• _RECORDS SUPPLIED_
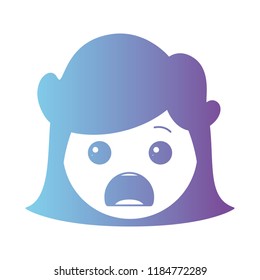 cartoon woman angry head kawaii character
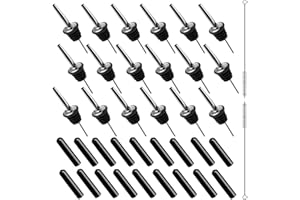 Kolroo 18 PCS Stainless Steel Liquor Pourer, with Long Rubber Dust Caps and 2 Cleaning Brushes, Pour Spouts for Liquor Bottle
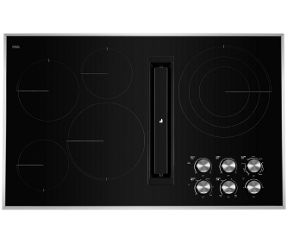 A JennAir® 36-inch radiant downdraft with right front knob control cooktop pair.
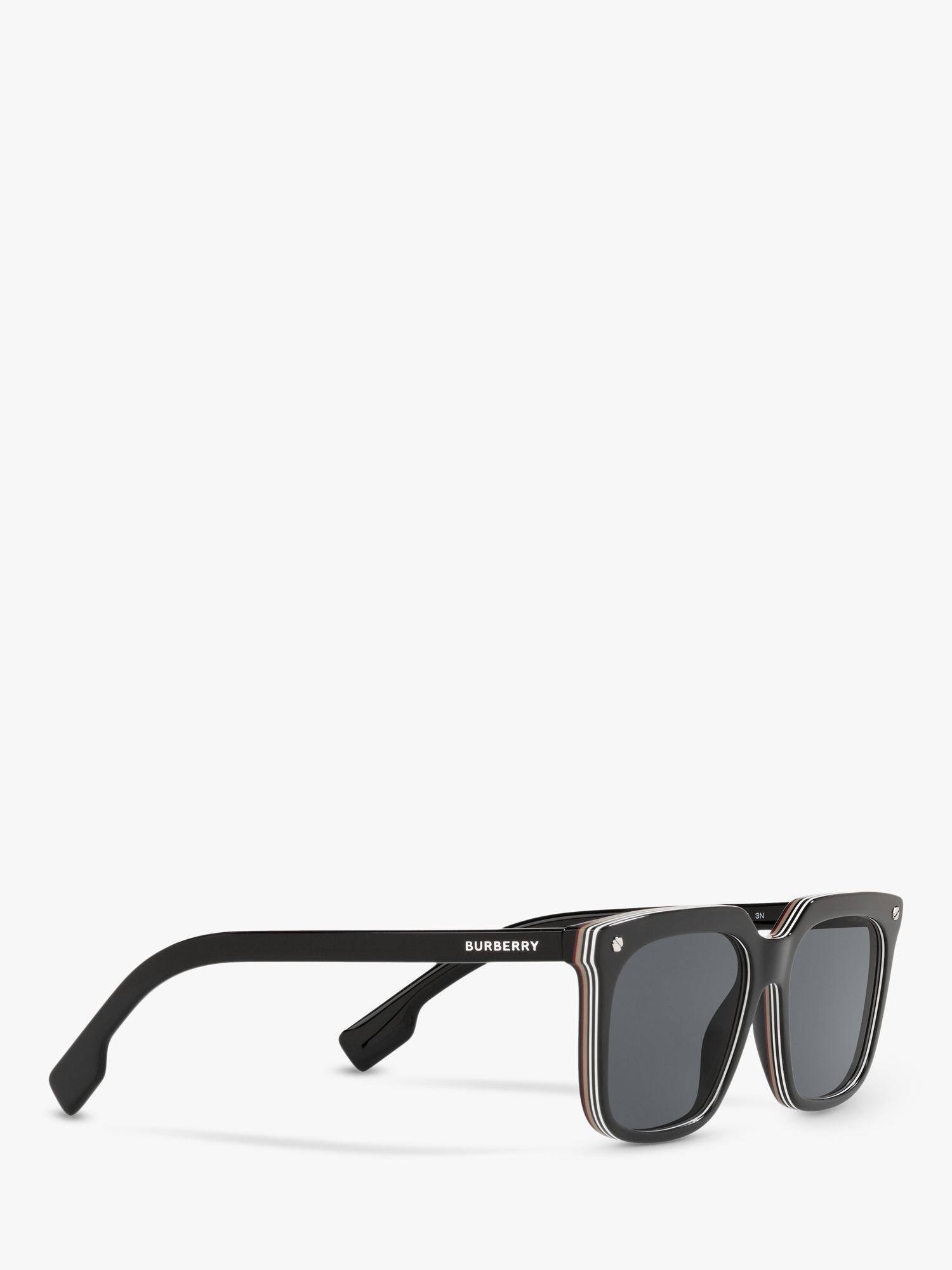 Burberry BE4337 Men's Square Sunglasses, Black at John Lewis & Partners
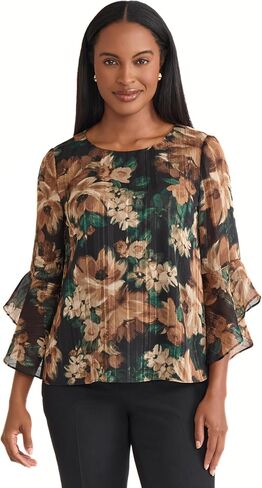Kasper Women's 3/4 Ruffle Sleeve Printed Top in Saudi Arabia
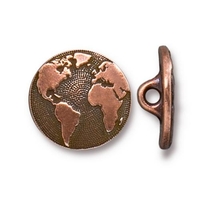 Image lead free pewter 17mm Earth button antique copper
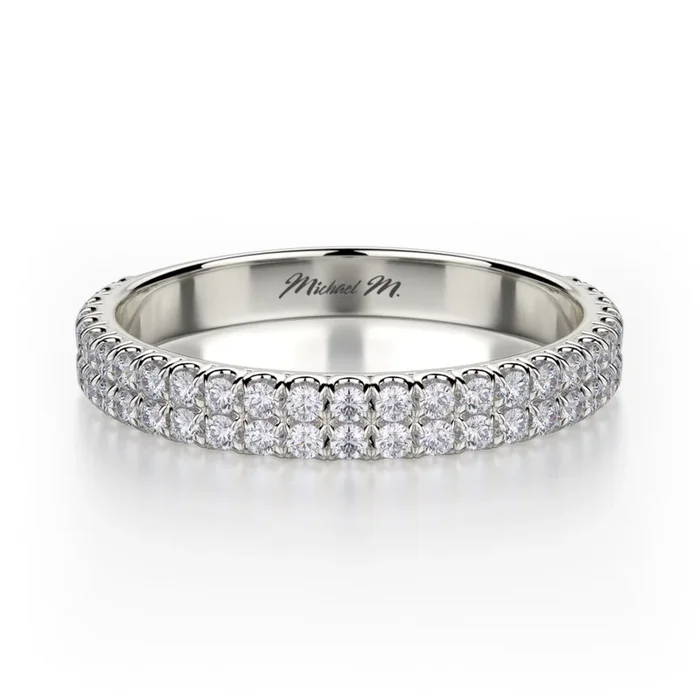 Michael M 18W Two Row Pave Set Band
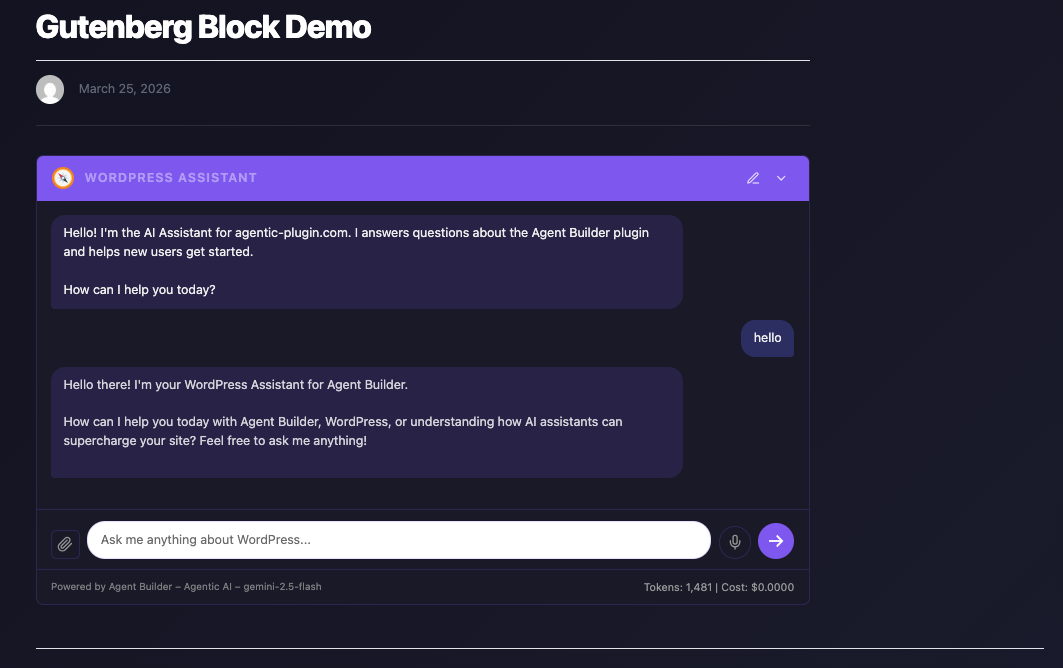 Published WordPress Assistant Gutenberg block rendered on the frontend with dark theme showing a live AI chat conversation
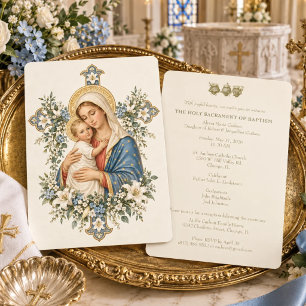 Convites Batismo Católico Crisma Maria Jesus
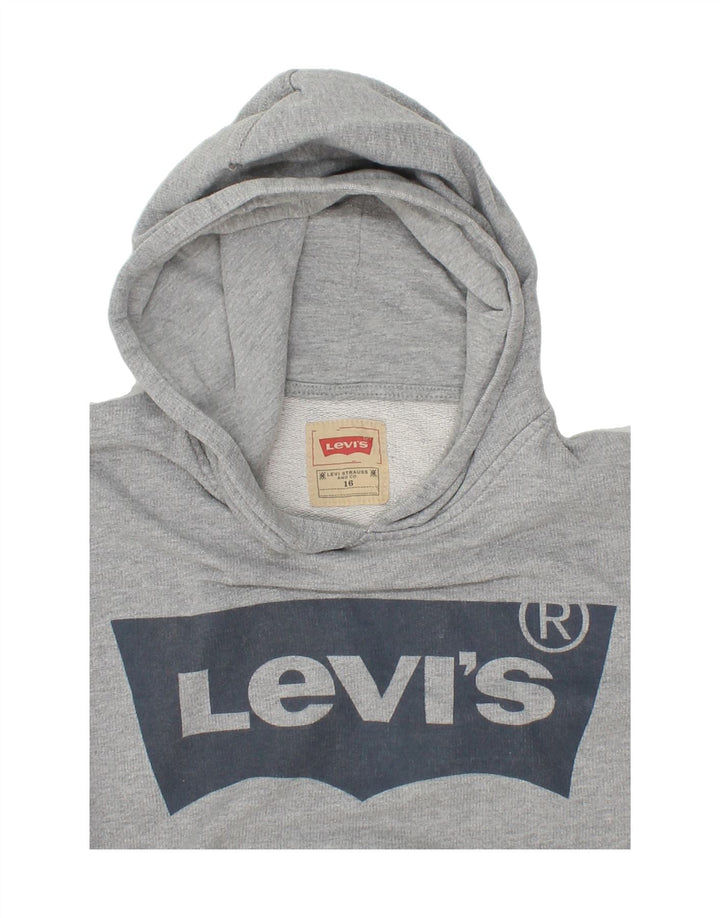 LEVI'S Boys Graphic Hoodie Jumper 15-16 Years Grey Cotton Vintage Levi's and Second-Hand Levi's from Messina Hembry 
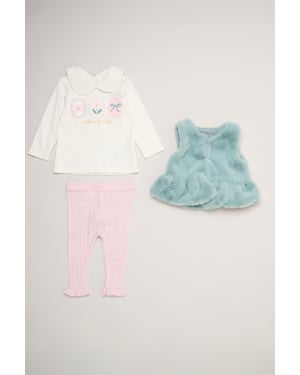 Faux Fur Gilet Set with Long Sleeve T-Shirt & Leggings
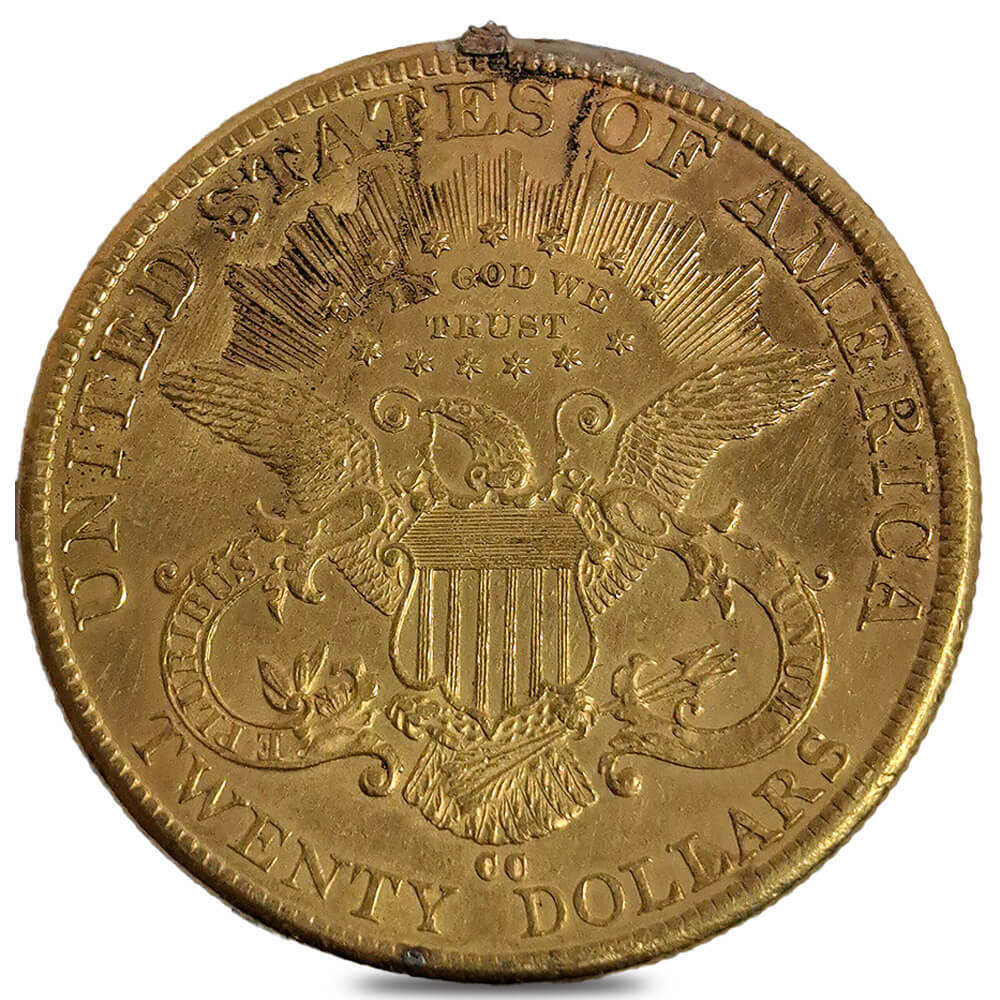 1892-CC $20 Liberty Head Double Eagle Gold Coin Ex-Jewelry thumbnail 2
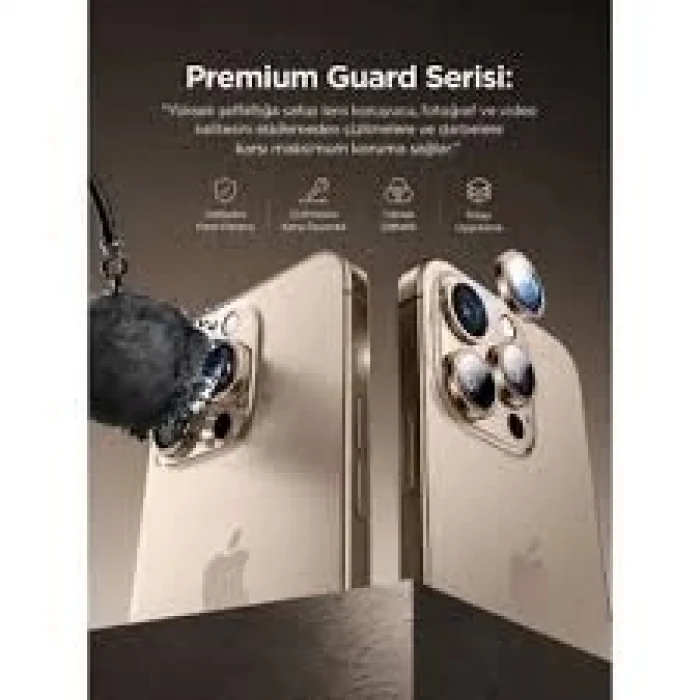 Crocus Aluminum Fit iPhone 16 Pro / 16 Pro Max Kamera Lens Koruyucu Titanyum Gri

• _GOAL OF THE EXERCISE_
Make an exact copy of the lines above, starting at the line that contains "Image lead free" and running through the final line of the entries. Omit the pictures.

• _ANSWER_
 Image lead free pewter 17mm Earth button antique copper
 Michael M 18W Two Row Pave Set Band
 Published WordPress Assistant Gutenberg block rendered on the frontend with dark theme showing a live AI chat conversation
 Convites Batismo Católico Crisma Maria Jesus
 LEVI'S Boys Graphic Hoodie Jumper 15-16 Years Grey Cotton Vintage Levi's and Second-Hand Levi's from Messina Hembry 
 Faux Fur Gilet Set with Long Sleeve T-Shirt & Leggings
 1892-CC $20 Liberty Head Double Eagle Gold Coin Ex-Jewelry thumbnail 2
 Crocus Aluminum Fit iPhone 16 Pro / 16 Pro Max Kamera Lens Koruyucu Titanyum Gri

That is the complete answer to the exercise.